Exercise brief. The answer should hold only the lines from the one containing "Property photo of" through the one containing "Verdonk va ea" in the entries below, copied exactly, without pictures.

Working data.
━━━━━━━━━━

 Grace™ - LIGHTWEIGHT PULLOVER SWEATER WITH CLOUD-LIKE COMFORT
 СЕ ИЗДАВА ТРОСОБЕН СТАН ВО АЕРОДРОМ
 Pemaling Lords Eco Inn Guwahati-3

━━━━━━━━━━

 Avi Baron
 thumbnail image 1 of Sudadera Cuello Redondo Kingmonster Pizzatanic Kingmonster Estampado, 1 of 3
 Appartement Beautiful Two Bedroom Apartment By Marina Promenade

━━━━━━━━━━

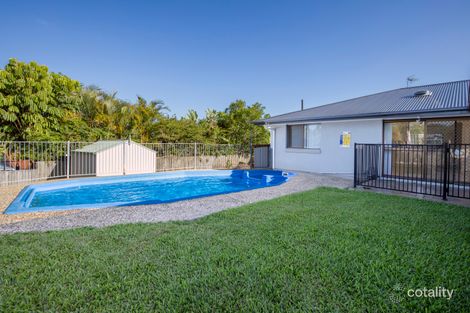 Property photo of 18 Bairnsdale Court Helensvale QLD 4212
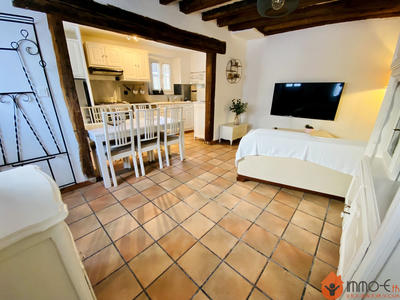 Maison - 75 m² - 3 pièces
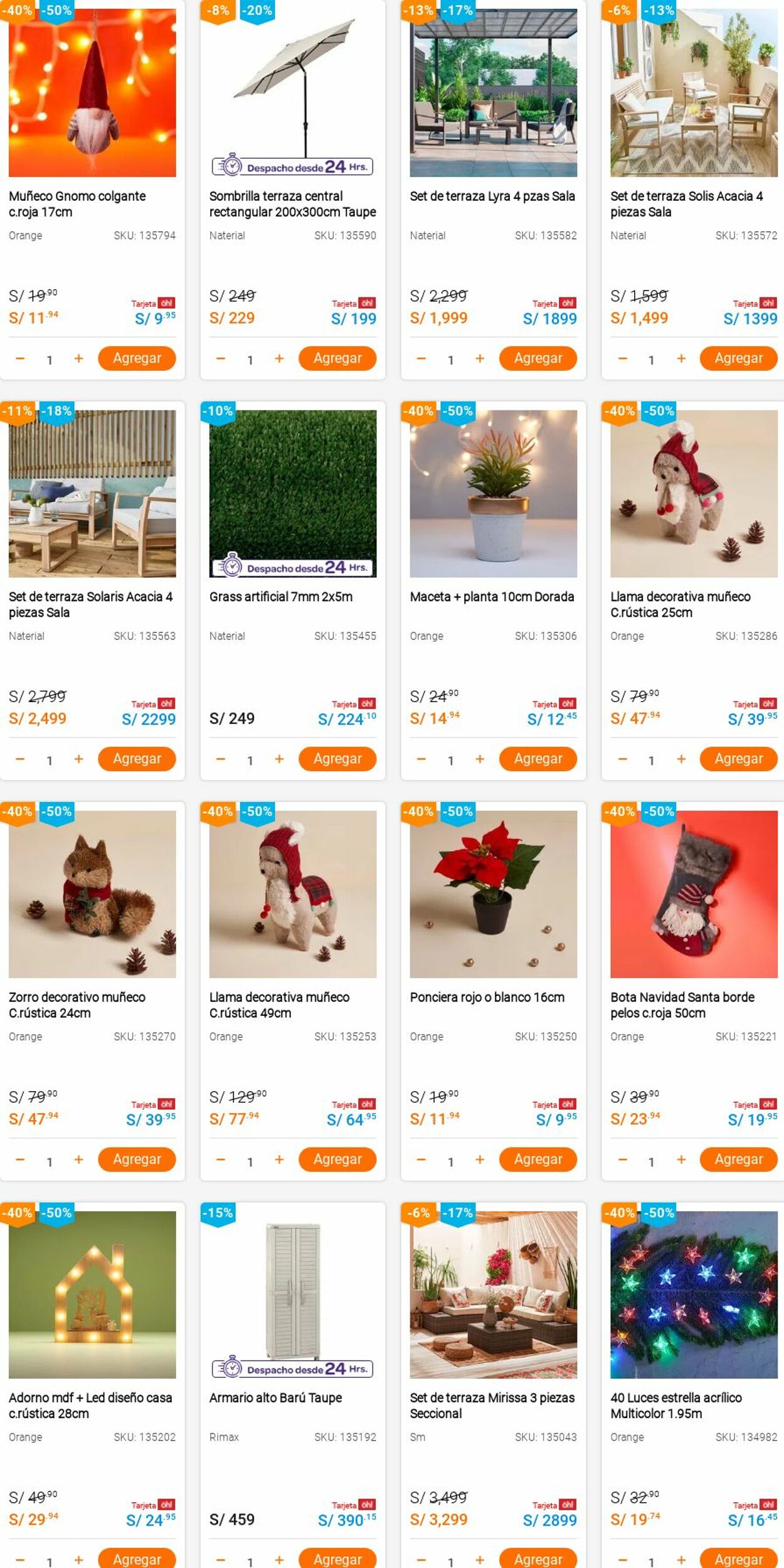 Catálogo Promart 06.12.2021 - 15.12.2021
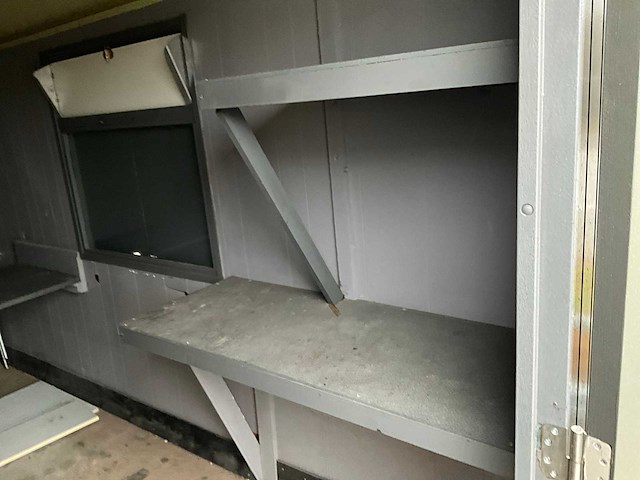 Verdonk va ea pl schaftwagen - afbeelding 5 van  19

━━━━━━━━━━

Solution for this exercise.
 Property photo of 18 Bairnsdale Court Helensvale QLD 4212
 Maison - 75 m² - 3 pièces
 Catálogo Promart 06.12.2021 - 15.12.2021
 Verdonk va ea pl schaftwagen - afbeelding 5 van  19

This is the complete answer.